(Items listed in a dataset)
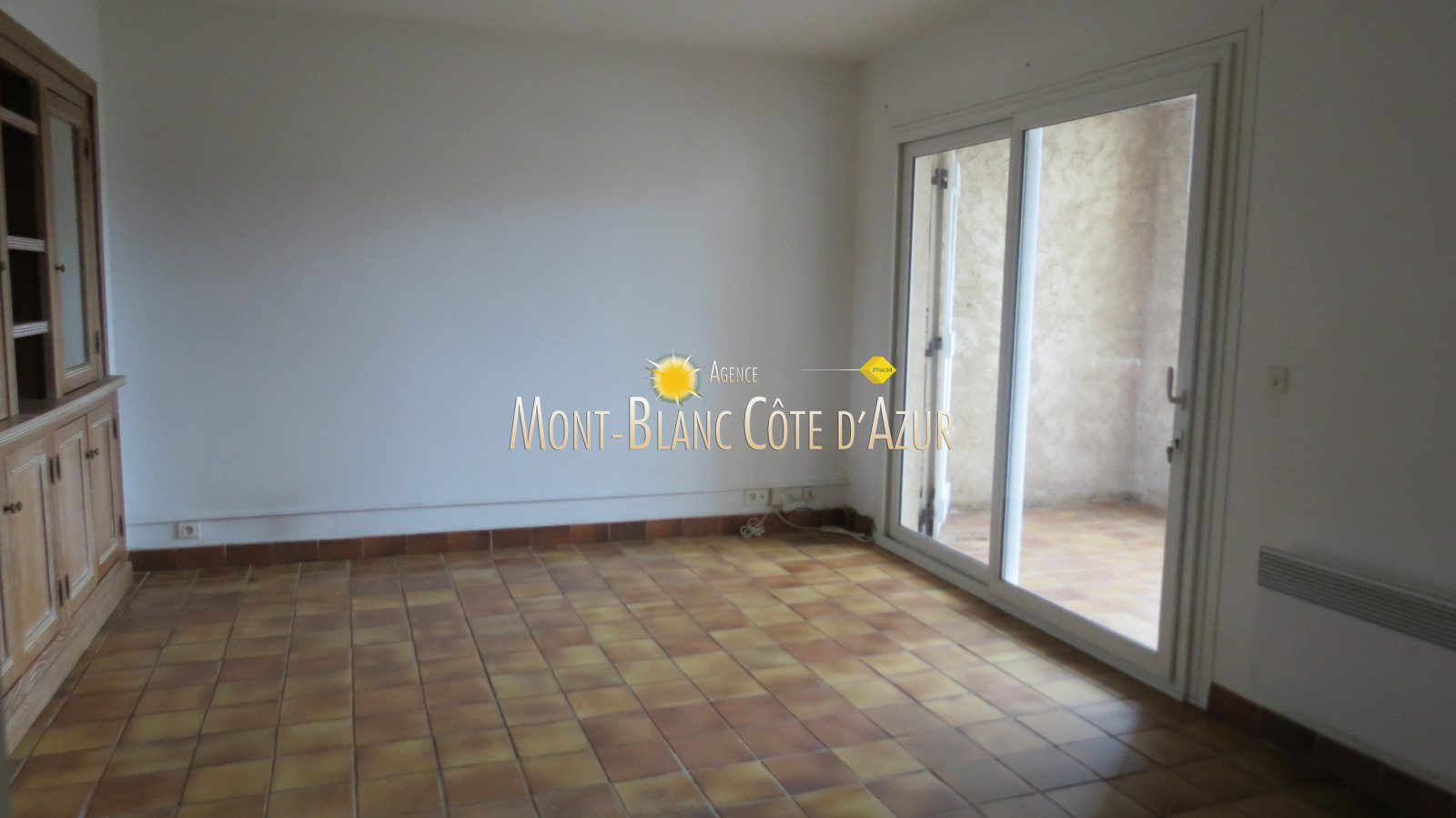 Image_3, Appartement, Le Plan-de-la-Tour, ref :3194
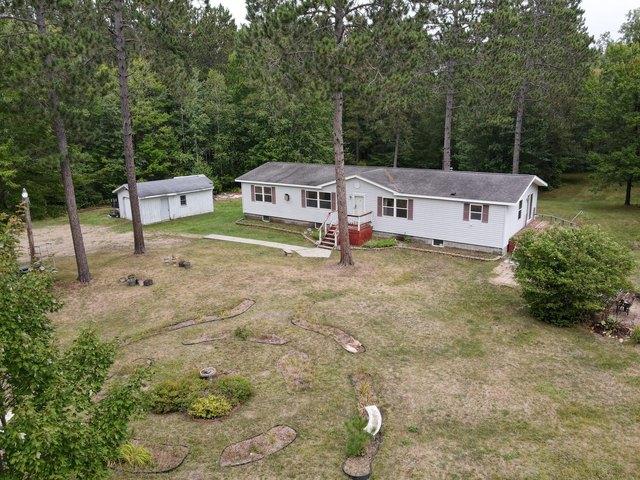 House for sale in Grand Rapids, Minnesota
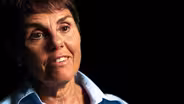 Women's Sports Foundation
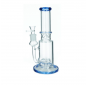 Roller Glass Bong 25 cm / 5 mm - MIX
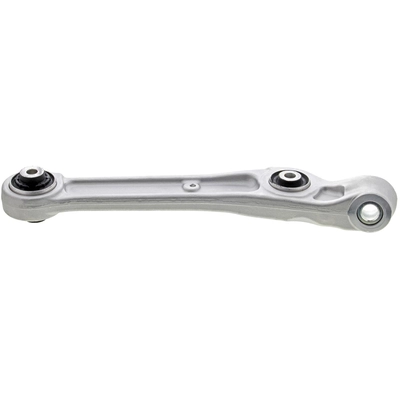 MEVOTECH - CMS701145 - Control Arm pa2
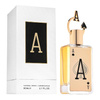 Fragrance World Ace woda perfumowana  80 ml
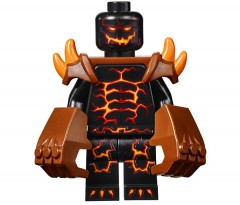 Лавинный разрушитель Молтора - Фото 2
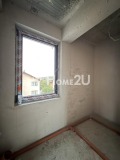 Продава 3-СТАЕН, град Варна, Възраждане 3 • 150000 € • 85652261 6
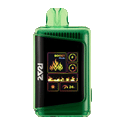RAZ DC25000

• _Task objective_
Please restate each entry exactly, but drop any picture it holds.

• _Answer to this problem_
 Image_3, Appartement, Le Plan-de-la-Tour, ref :3194
 House for sale in Grand Rapids, Minnesota
 Women's Sports Foundation
 Roller Glass Bong 25 cm / 5 mm - MIX
 MEVOTECH - CMS701145 - Control Arm pa2
 Fragrance World Ace woda perfumowana  80 ml
 Лавинный разрушитель Молтора - Фото 2
 Продава 3-СТАЕН, град Варна, Възраждане 3 • 150000 € • 85652261 6
RAZ DC25000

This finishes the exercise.